What is the effect of changing the input torque of an alternator with excitation kept constant? and what is the effect of changing its excitation with a constant torque?
excitation * speed * k = voltage
excitation * current * k = torque
where k is some constant (the same in each equation) dependent on the geometry of the alternator
It's not clear how you intend to 'increase torque' without specifying the characteristics of the load. To cut you some slack, let's assume the load is something for which we can easily see what will happen, something like a rectifier charging batteries with a substantially constant terminal voltage, accepting whatever charge current you throw at them. For a torque-limited driver, they will control the speed of the alternator by increasing the loading rapidly as the alternator voltage exceeds the battery voltage. In this case, increasing the torque will increase the charge current linearly with the torque, while the terminal voltage and alternator speed will change little. Other loads will behave differently.

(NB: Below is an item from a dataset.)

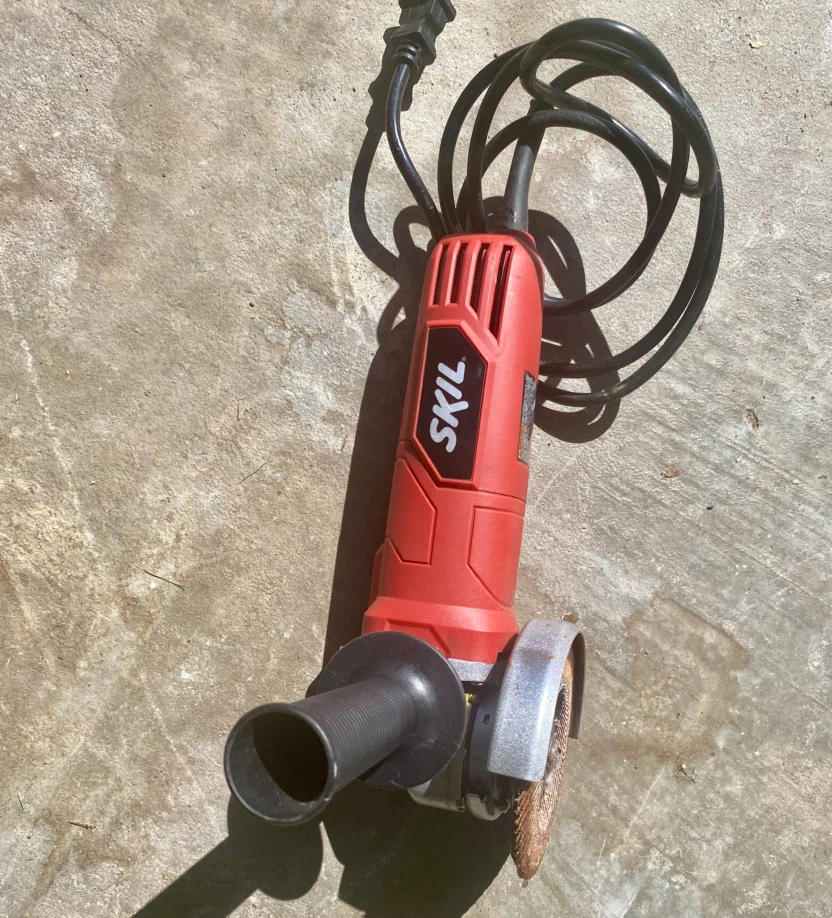 SKIL Angle Grinder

Increasing the excitation is trickier to visualise, as the k constant rises. Other things being equal, increased excitation is like putting a gear-box on the shaft, reducing the speed and increasing the torque of the alternator. How the speed and load voltage reacts to that depends on the characteristics of the driver and the load.
If we multiply out to get power
mechanical power = speed * torque
electrical power = voltage * current
we can see that the excitation and the geometry constant have cancelled, and for no losses, input and output power are equal.